--- EXERCISE DETAILS ---
Your output must be the lines below from the line containing "I'm taking a" to the line containing "Hi, it's David", both lines included, reproduced exactly and without pictures.

--- PROVIDED MATERIAL ---
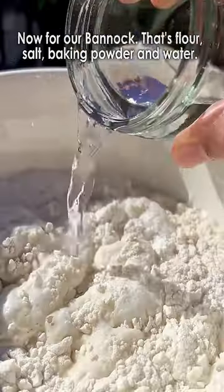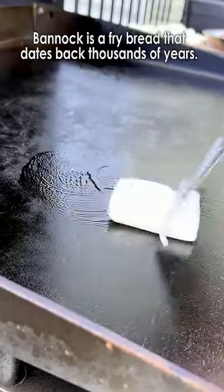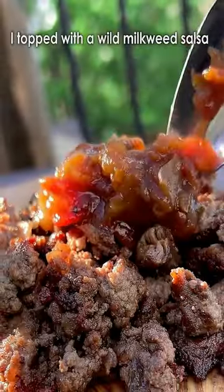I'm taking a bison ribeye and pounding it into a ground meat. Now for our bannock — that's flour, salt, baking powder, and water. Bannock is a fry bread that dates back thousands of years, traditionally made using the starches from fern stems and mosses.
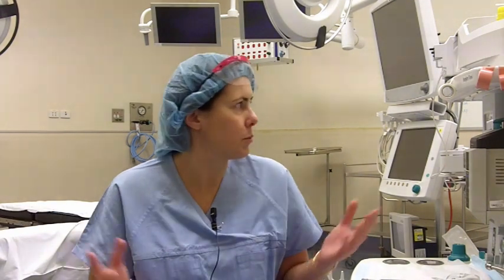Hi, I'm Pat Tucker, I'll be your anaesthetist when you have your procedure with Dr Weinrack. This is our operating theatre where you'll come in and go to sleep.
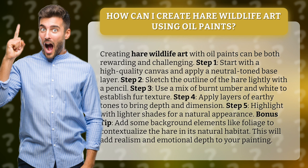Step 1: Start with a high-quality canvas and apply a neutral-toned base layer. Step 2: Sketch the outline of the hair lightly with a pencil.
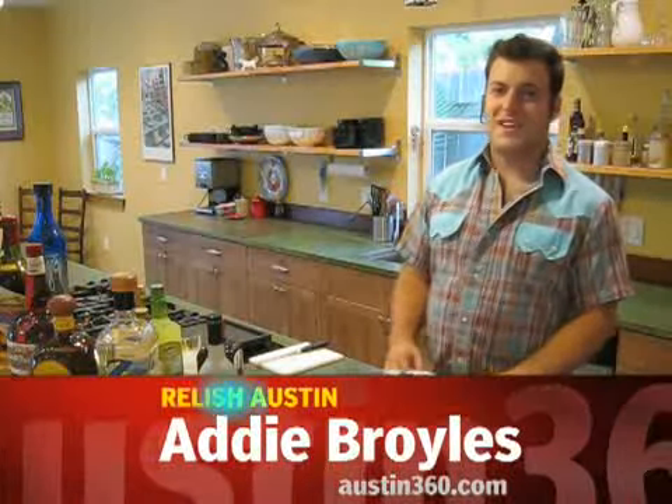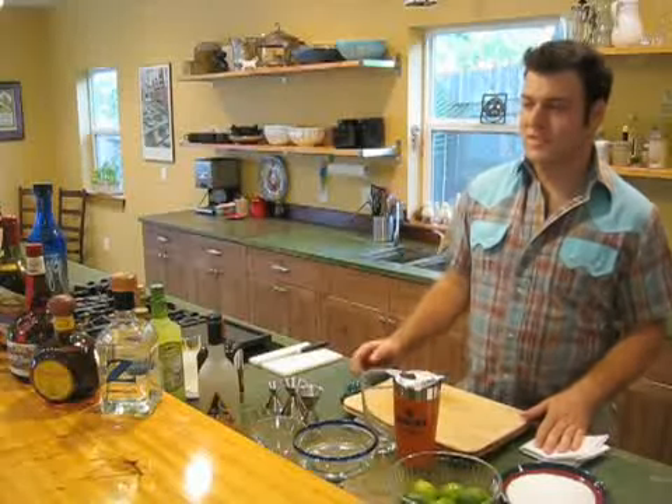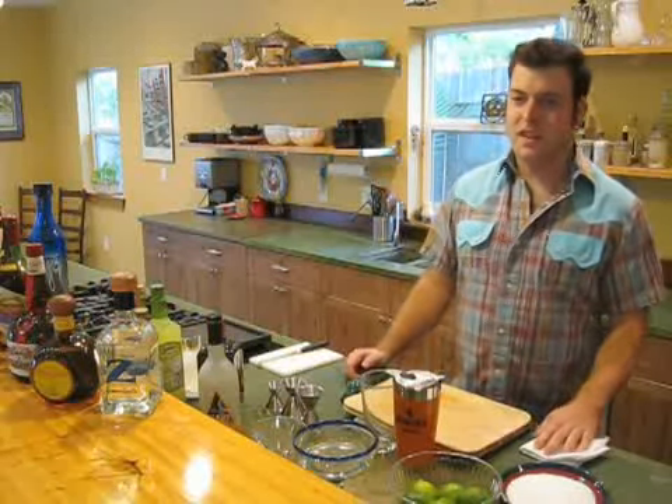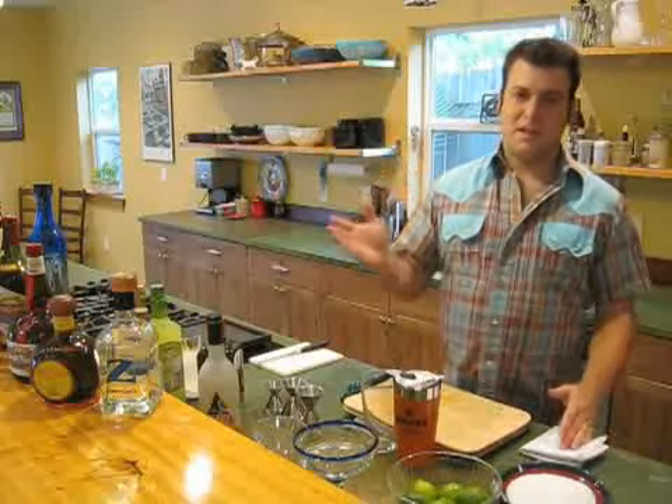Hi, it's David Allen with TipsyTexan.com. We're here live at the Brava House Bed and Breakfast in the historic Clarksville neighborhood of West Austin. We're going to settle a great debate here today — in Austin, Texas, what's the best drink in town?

* * *

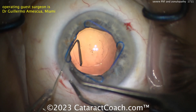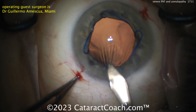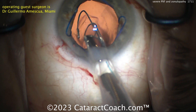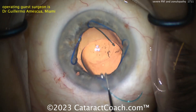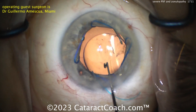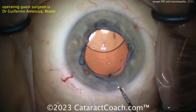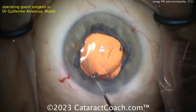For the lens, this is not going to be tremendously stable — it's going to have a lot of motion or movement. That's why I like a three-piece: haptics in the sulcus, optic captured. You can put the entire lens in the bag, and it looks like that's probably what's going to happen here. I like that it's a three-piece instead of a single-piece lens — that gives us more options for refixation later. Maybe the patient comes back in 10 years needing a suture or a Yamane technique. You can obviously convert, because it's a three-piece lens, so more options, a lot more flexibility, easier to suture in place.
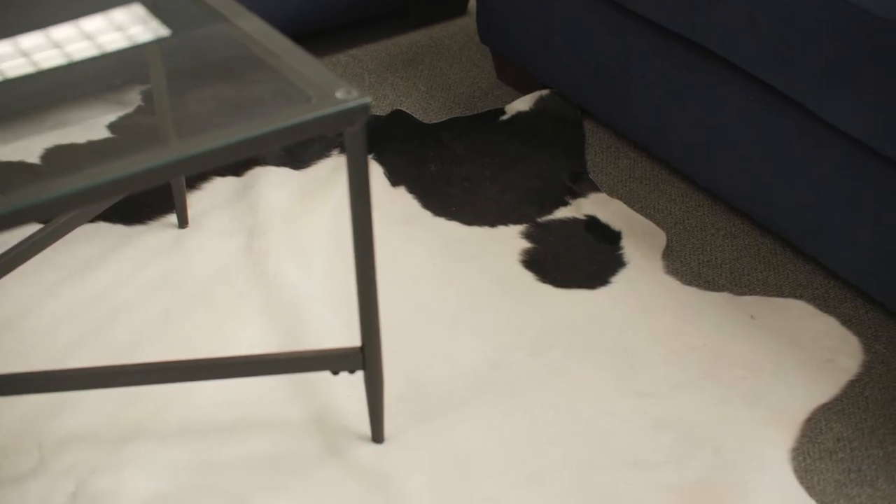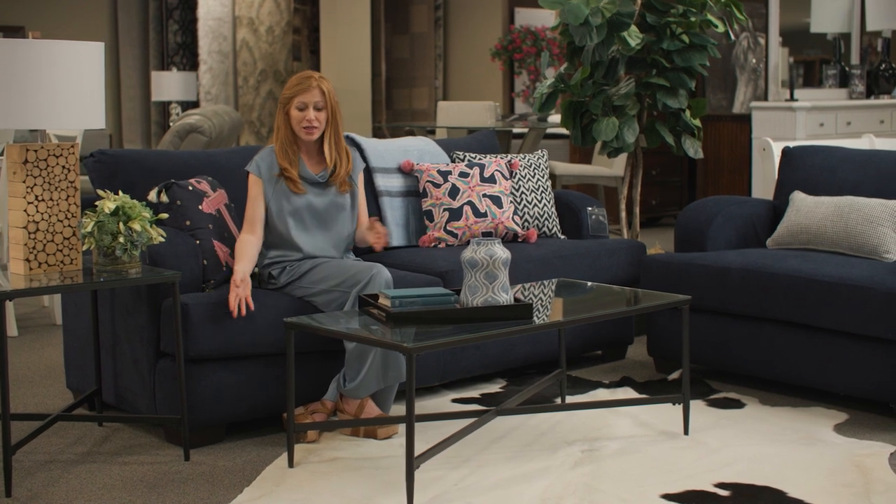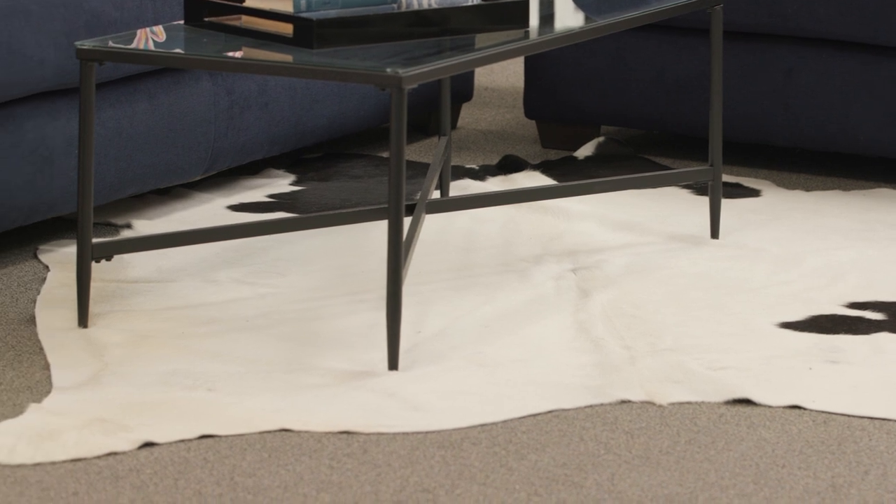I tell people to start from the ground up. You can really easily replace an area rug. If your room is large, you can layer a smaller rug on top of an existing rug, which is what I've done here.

...

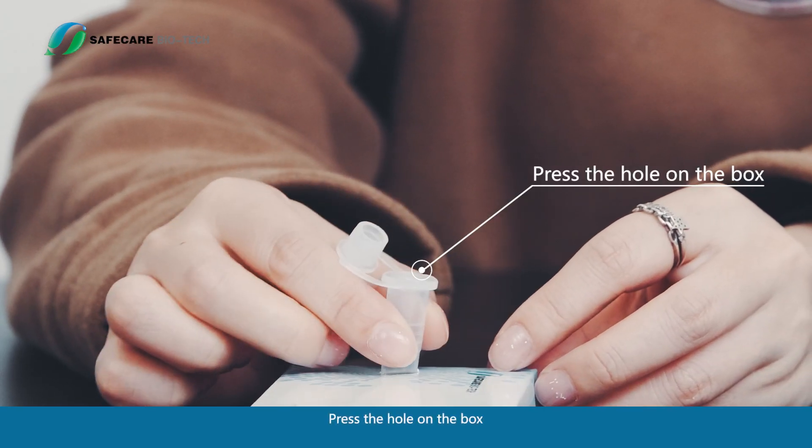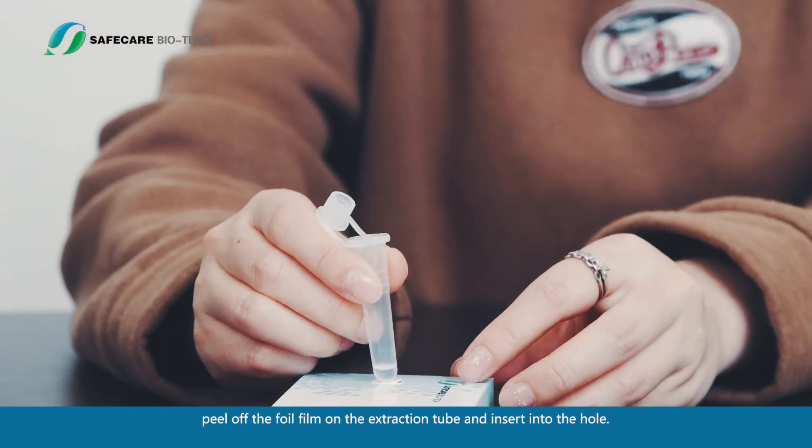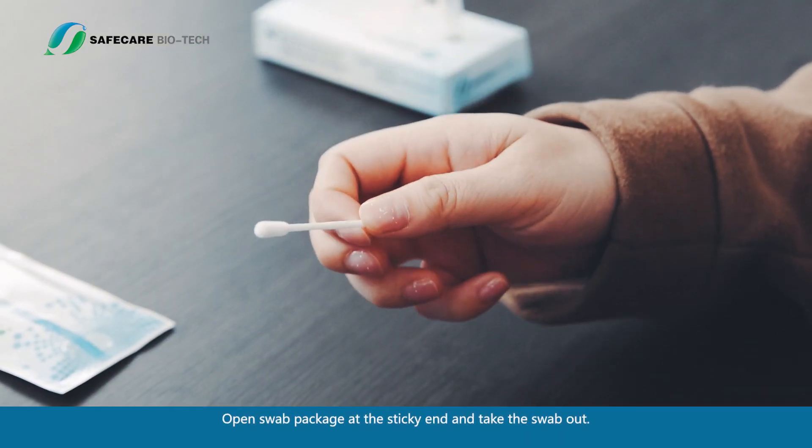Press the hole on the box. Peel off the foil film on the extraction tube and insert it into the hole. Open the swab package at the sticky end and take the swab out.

--- SOLUTION TO THIS EXERCISE ---
I'm taking a bison ribeye and pounding it into a ground meat. Now for our bannock — that's flour, salt, baking powder, and water. Bannock is a fry bread that dates back thousands of years, traditionally made using the starches from fern stems and mosses.
Hi, I'm Pat Tucker, I'll be your anaesthetist when you have your procedure with Dr Weinrack. This is our operating theatre where you'll come in and go to sleep.
Step 1: Start with a high-quality canvas and apply a neutral-toned base layer. Step 2: Sketch the outline of the hair lightly with a pencil.
Hi, it's David Allen with TipsyTexan.com. We're here live at the Brava House Bed and Breakfast in the historic Clarksville neighborhood of West Austin. We're going to settle a great debate here today — in Austin, Texas, what's the best drink in town?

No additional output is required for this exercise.